>>>>>
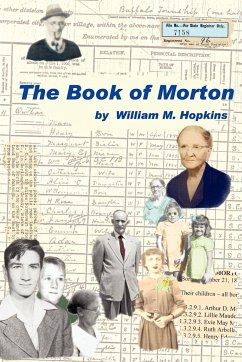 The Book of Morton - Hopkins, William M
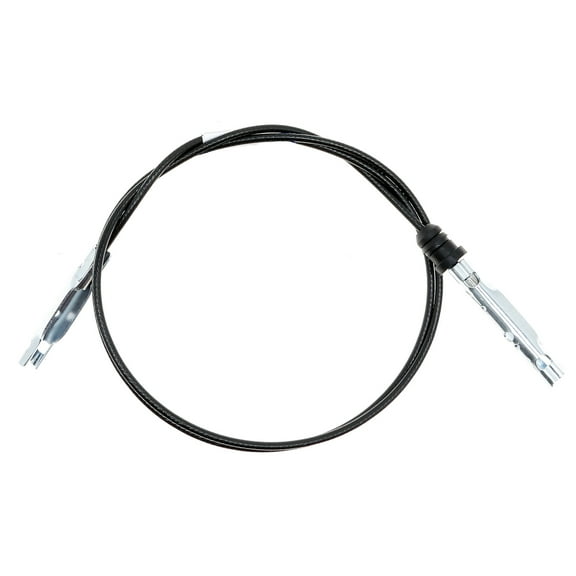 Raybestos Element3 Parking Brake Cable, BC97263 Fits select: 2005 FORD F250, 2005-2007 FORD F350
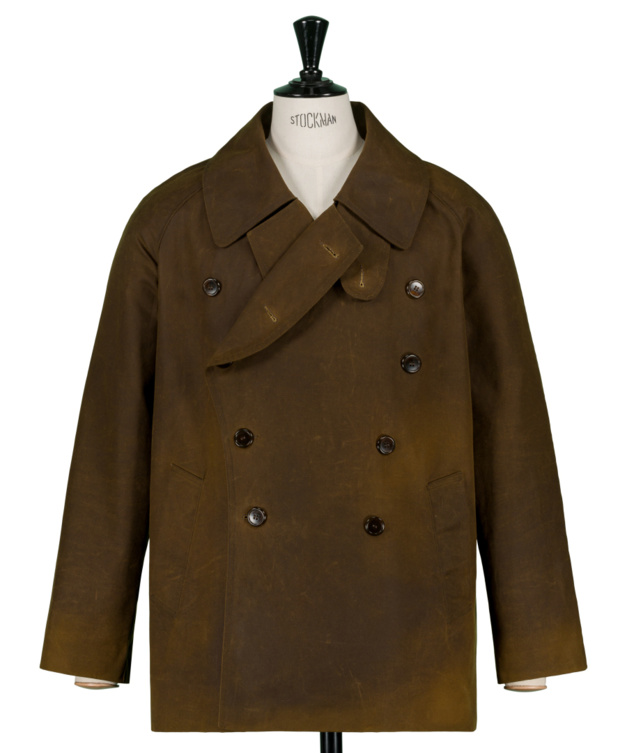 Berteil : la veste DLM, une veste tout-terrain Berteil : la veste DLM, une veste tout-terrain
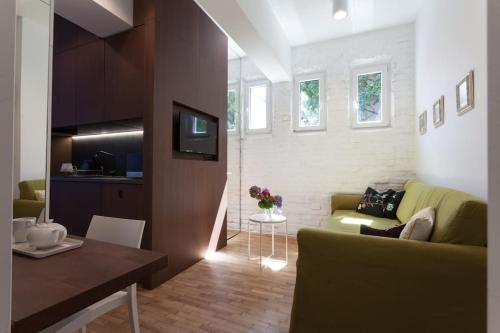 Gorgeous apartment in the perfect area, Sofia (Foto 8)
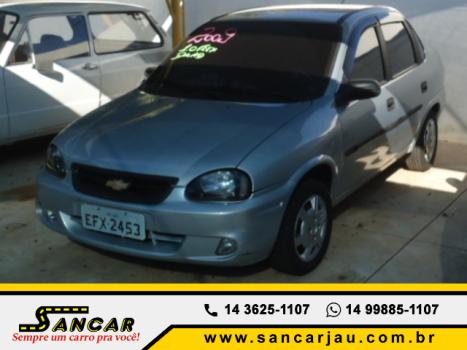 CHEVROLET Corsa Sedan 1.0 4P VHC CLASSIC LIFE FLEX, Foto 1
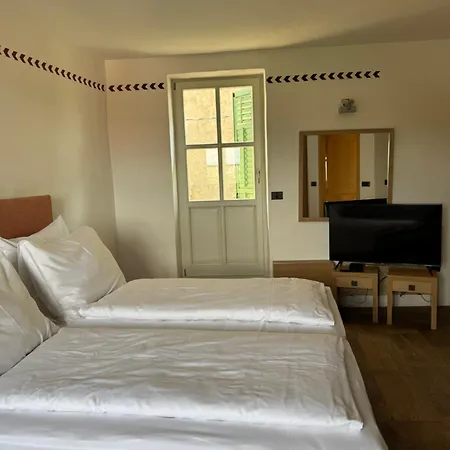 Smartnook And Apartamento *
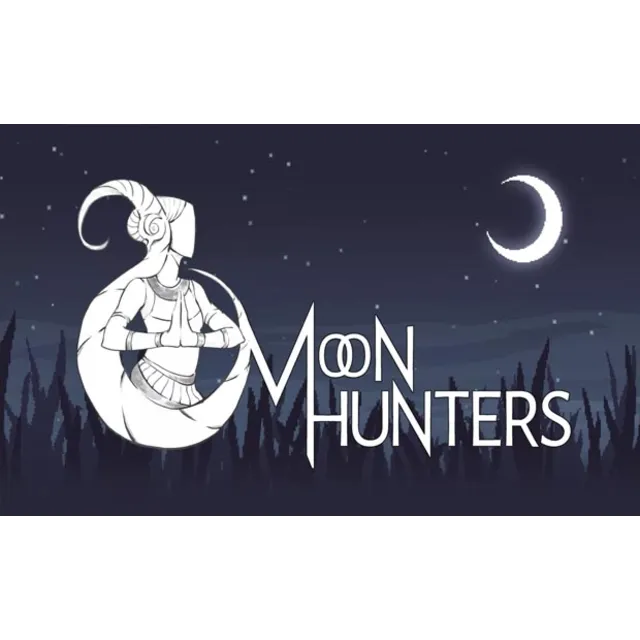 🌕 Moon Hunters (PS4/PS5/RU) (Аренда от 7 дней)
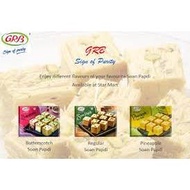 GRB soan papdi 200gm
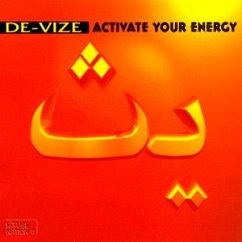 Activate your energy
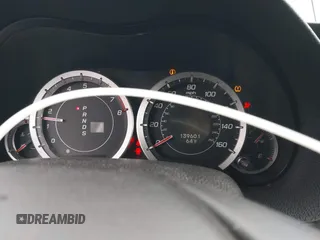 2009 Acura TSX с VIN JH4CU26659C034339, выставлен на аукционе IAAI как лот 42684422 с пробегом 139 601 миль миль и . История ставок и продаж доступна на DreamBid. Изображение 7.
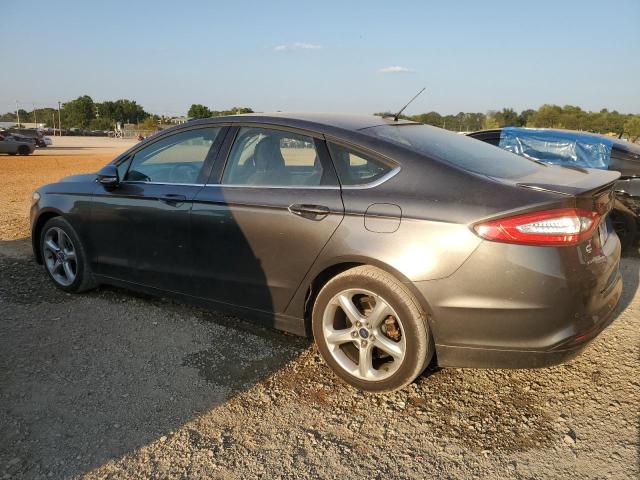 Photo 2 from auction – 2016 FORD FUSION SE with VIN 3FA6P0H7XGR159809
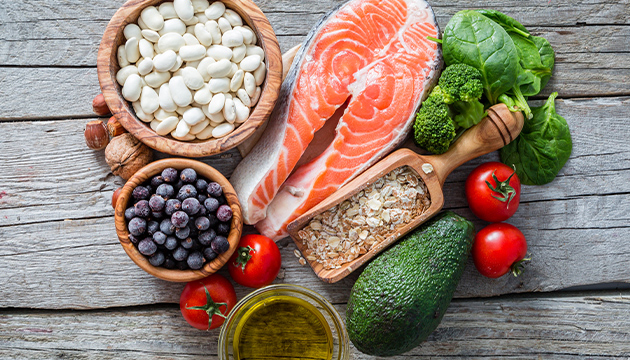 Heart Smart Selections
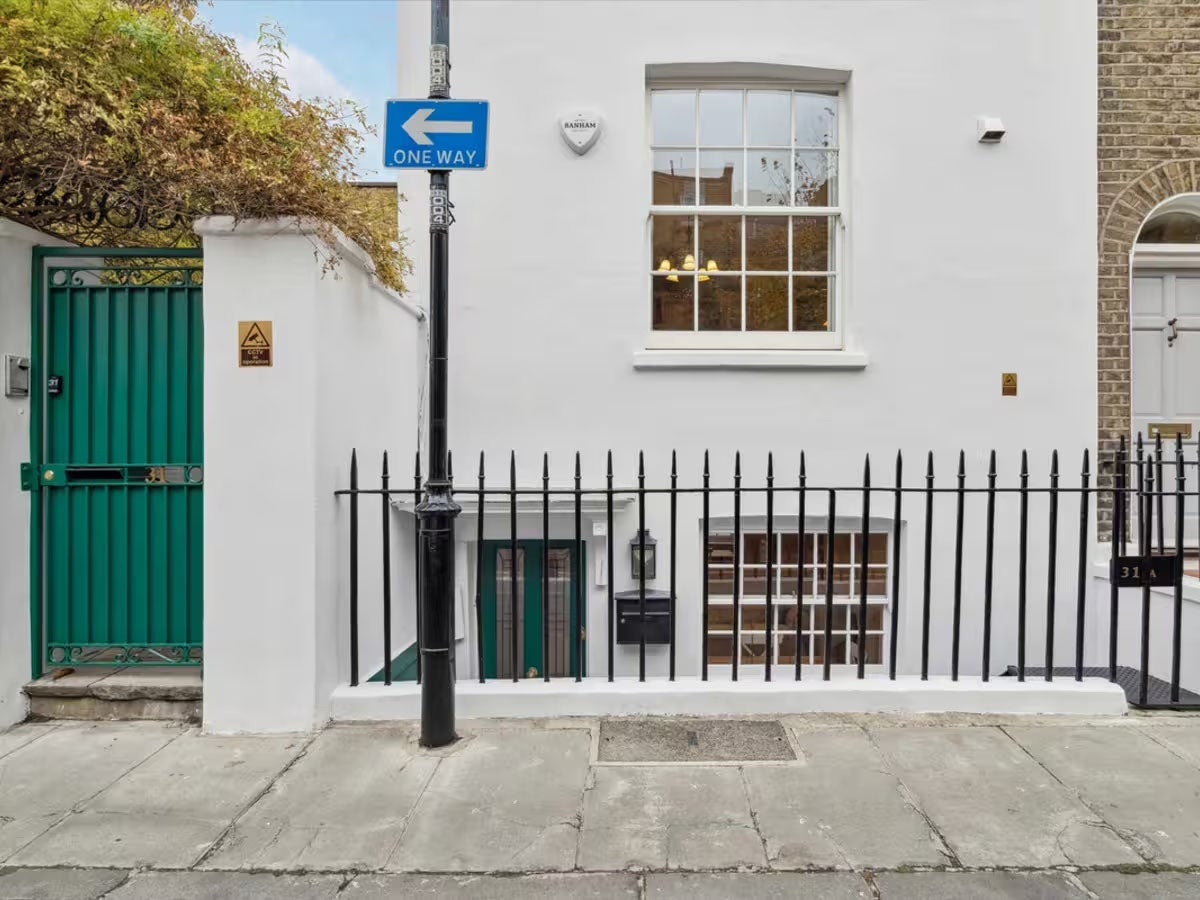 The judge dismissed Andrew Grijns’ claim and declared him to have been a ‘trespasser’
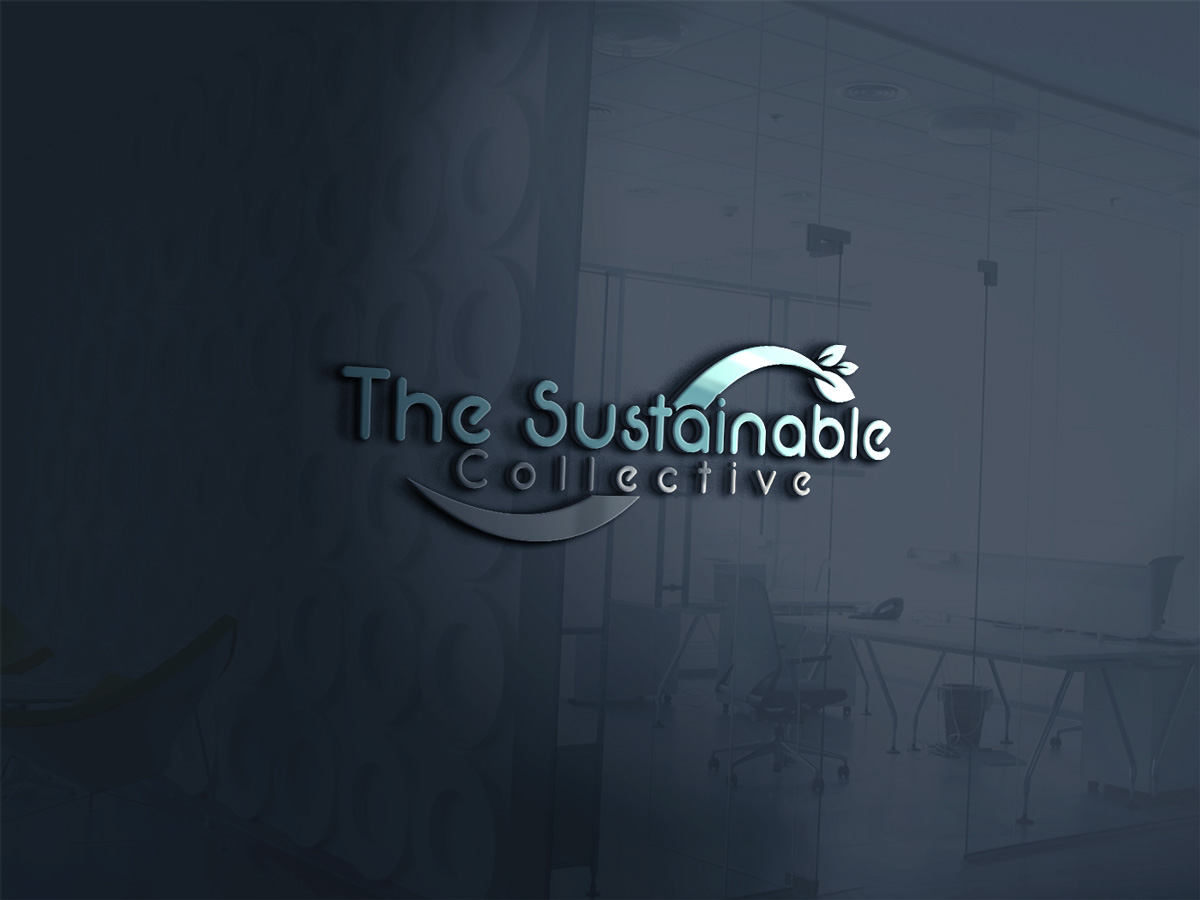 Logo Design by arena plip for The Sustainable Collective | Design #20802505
<<<<<
Task instructions: Find "The judge dismissed" in the entries, then reproduce that line and each line after it exactly, through the last one. Pictures do not go in.

Written solution:
 The judge dismissed Andrew Grijns’ claim and declared him to have been a ‘trespasser’
 Logo Design by arena plip for The Sustainable Collective | Design #20802505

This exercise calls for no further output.